* _What is being asked_: With the pictures omitted, transcribe each line below exactly as it is.

* _Material provided_:
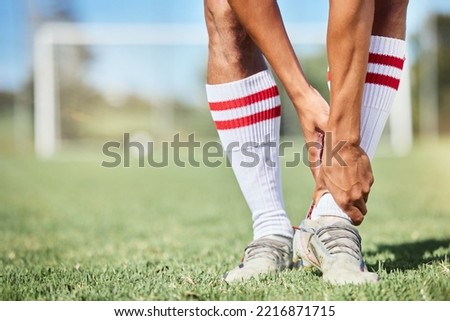 Soccer, sports and ankle pain, injury or accident on a field during a game, exercise or training. Muscle sprain, broken joint or medical emergency of a man athlete at a football pitch during a match. Royalty-Free Stock Photo #2216871715
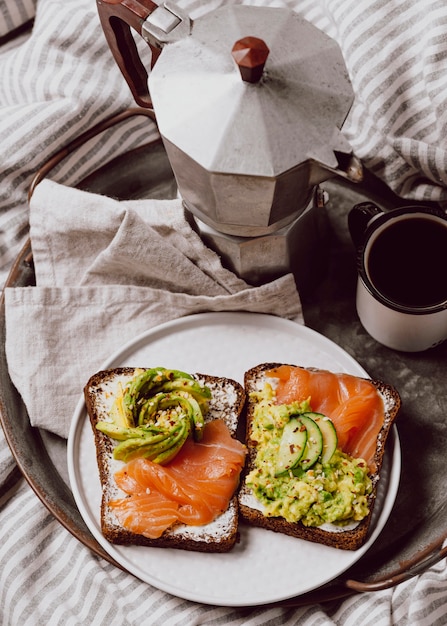 Angle élevé de sandwiches au petit-déjeuner au saumon et à l'avocat au lit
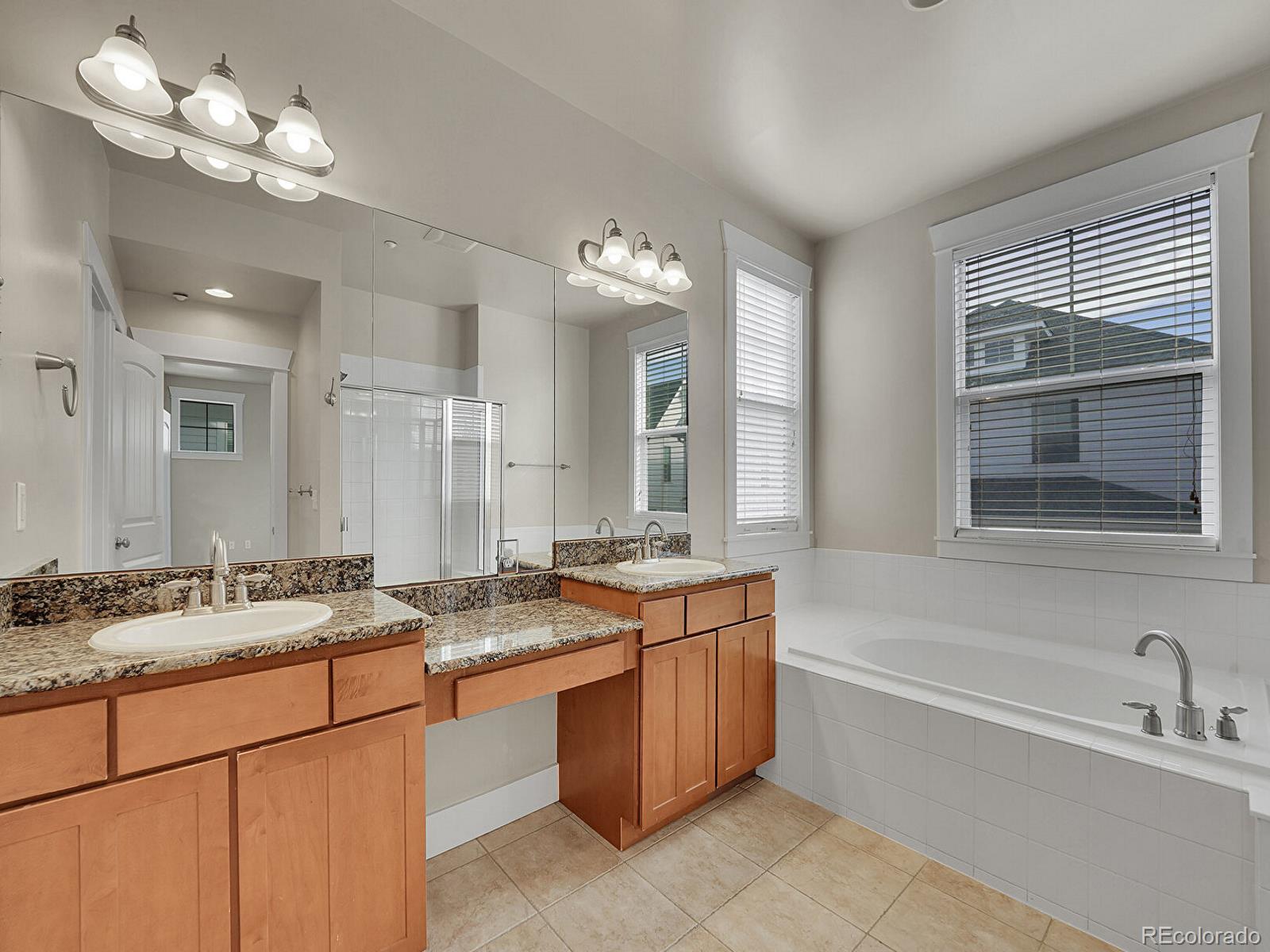 11718 Perry Street Westminster, CO 80031 - Photo 11 of 15 a bathroom with a granite countertop sink a large mirror and a bathtub with shower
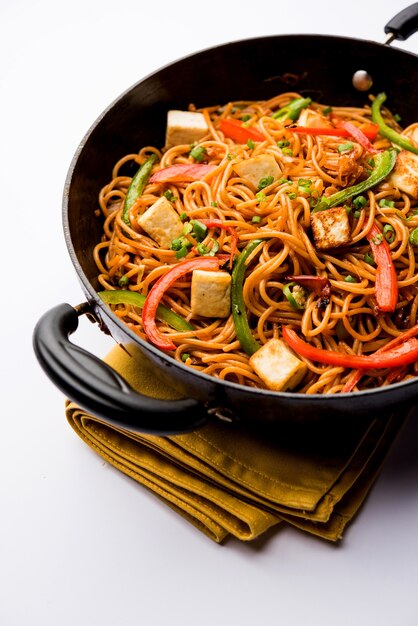 Schezwan hakka noodles with paneer or cottage cheese. Served in a bowl. selective focus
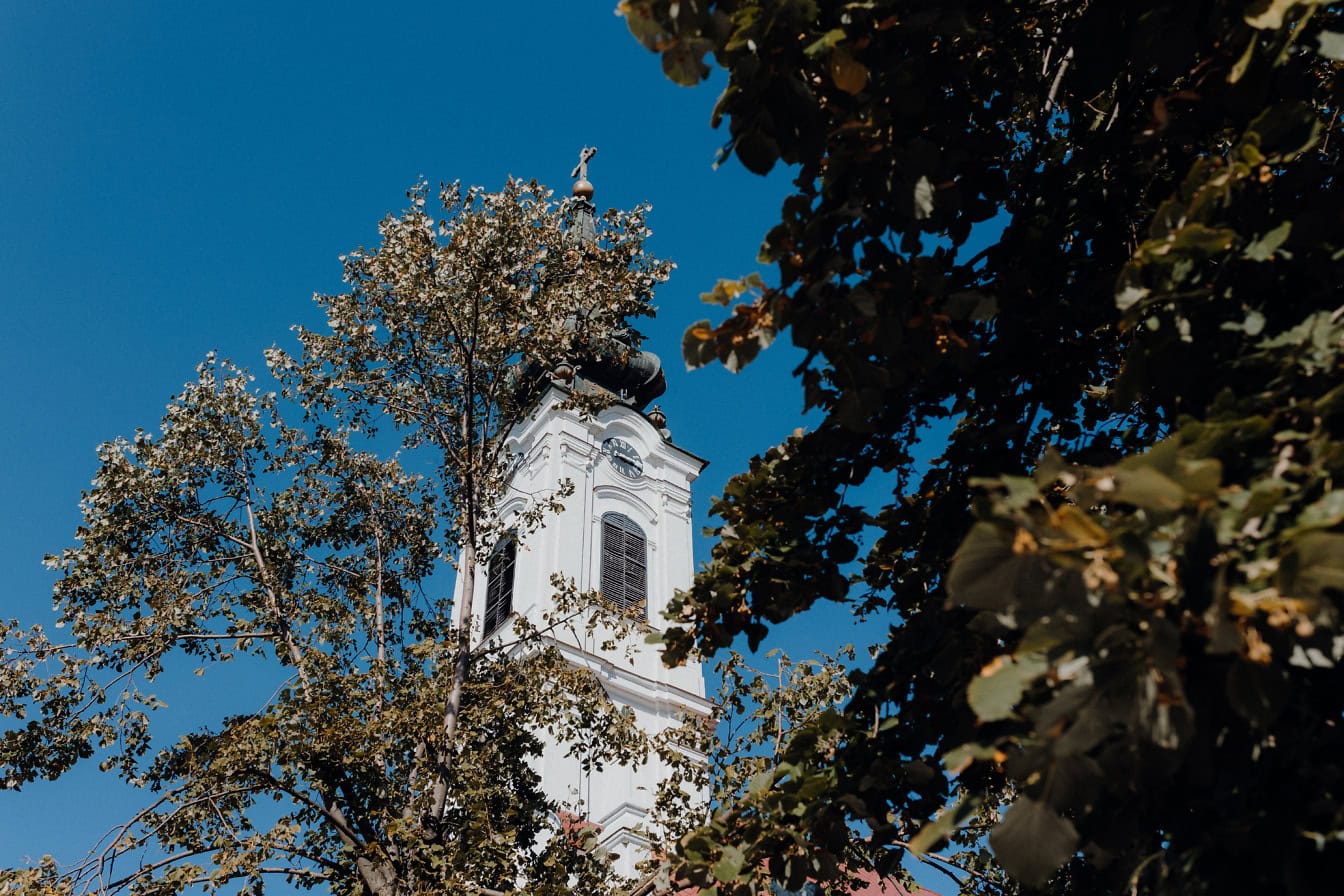 Torre sineira branca com uma cruz no topo da igreja ortodoxa sérvia da Natividade de São João Batista, Backa Palanka, Sérvia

* _Solution to this problem_:
 Soccer, sports and ankle pain, injury or accident on a field during a game, exercise or training. Muscle sprain, broken joint or medical emergency of a man athlete at a football pitch during a match. Royalty-Free Stock Photo #2216871715
 Angle élevé de sandwiches au petit-déjeuner au saumon et à l'avocat au lit
 11718 Perry Street Westminster, CO 80031 - Photo 11 of 15 a bathroom with a granite countertop sink a large mirror and a bathtub with shower
 Schezwan hakka noodles with paneer or cottage cheese. Served in a bowl. selective focus
 Torre sineira branca com uma cruz no topo da igreja ortodoxa sérvia da Natividade de São João Batista, Backa Palanka, Sérvia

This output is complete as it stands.